Deciphering the molecular code of protein-RNA binding during mRNA localisation

破译 mRNA 定位过程中蛋白质-RNA 结合的分子密码

• 批准号: 283166754
• 负责人: Dr. Katharina Zarnack
• 金额: --
• 依托单位: Buchmann Institute for Molecular Life Sciences
• 依托单位国家: 德国
• 项目类别: Research Units
• 财政年份: 2015
• 资助国家: 德国
• 起止时间: 2014-12-31 至 2019-12-31
• 项目状态: 已结题
• 来源: https://gepris.dfg.de/gepris/projekt/283166754?language=en
• 关键词: Deciphering; molecular; code; protein; RNA

mRNA localisation and local translation are regulated by RNA-binding proteins (RBPs) that constitute critical regulators of eukaryotic gene expression. Target mRNAs are recognised via cis-acting elements in the RNA sequence, so-called zipcodes or localisation elements, which are composed of characteristic sequence motifs and/or structural elements. RBPs recruit the target mRNAs into large transport particles which most often move actively along cytoskeletal tracks in the cytoplasm. Recently, evidence is accumulating that co-trafficking of mRNAs with membrane structures is another frequently occurring mode of intracellular mRNA transport. In order to address the prevalence and possible functions of this new transport route, we will perform a comprehensive survey of membrane-associated RBPs in fungi and mammals in collaboration with several groups of the FOR2333.Over the last years, new ribonomic techniques have been introduced that allow to study RBP binding and its regulatory outcome on a genomic scale, including UV crosslinking and immunoprecipitation (CLIP) and related methods to map RBP binding sites in vivo. However, the analysis and interpretation of these data is still in its infancy. In order to overcome these limitations and reliably map and quantify RBP binding, we will benchmark existing tools based on publicly available iCLIP datasets for different RBPs. Moreover, we will develop robust quantification strategies that correct for differences in transcript abundance, among others. The resulting RBP binding sites will be characterised in terms of motif occurrence, binding site conformations and RNA secondary structure formation. By interrelating these features we will obtain new insights into the molecular code that determines RBP binding. In collaboration with several groups of the FOR2333, we will exploit the established analysis workflows to learn more about the RNA binding mode of the She mRNA transport complex in yeast, the target recognition of the translational regulator Pumilio2 in mammalian neurons and the functional impact of the exon-junction complex on mRNA localisation in fruit flies.

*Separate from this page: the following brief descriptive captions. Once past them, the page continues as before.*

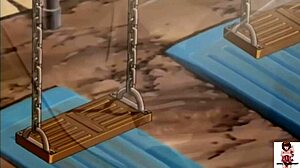 adult commentary presents women at work aka exposition the hentai and racoons for management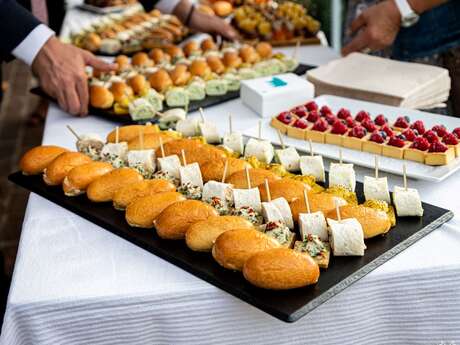 Le Comptoir d'Ernest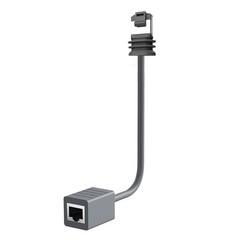 Robust For Starlink For Gen3 Extension Cable Adapter with Anti Aging Shield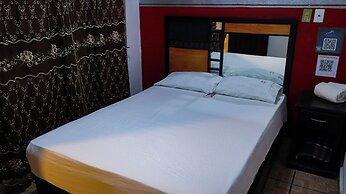 Hotel Las Torres,Tehuacan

mRNA定位和局部翻译由RNA结合蛋白（RBP）调节，这些蛋白构成真核基因表达的关键调节因子。靶mRNA通过RNA序列中的顺式作用元件（所谓的邮政编码或定位元件）识别，其由特征性序列基序和/或结构元件组成。RBP将靶mRNA募集到大的转运颗粒中，这些转运颗粒通常沿着细胞质中的细胞骨架轨道活跃地移动。最近，越来越多的证据表明，与膜结构的mRNA的共同运输是细胞内mRNA运输的另一种常见模式。为了解决这种新的运输途径的流行和可能的功能，我们将与FOR 2333的几个小组合作，对真菌和哺乳动物中的膜相关RBP进行全面调查。在过去的几年里，新的核糖组学技术已经引入，可以在基因组水平上研究RBP结合及其调控结果，包括UV交联和免疫沉淀（CLIP）以及相关方法来绘制体内RBP结合位点。然而，对这些数据的分析和解释仍处于起步阶段。为了克服这些局限性并可靠地映射和量化RBP结合，我们将基于公开可用的iCLIP数据集对现有工具进行基准测试。此外，我们将开发强大的量化策略，以纠正转录丰度的差异等。所得的RBP结合位点将在基序发生，结合位点构象和RNA二级结构形成方面进行表征。通过将这些特征相互关联，我们将获得对决定RBP结合的分子密码的新见解。在与FOR 2333的几个小组的合作中，我们将利用已建立的分析工作流程来更多地了解酵母中She mRNA转运复合物的RNA结合模式，哺乳动物神经元中翻译调节因子Pumilio 2的靶向识别以及果蝇中外显子连接复合物对mRNA定位的功能影响。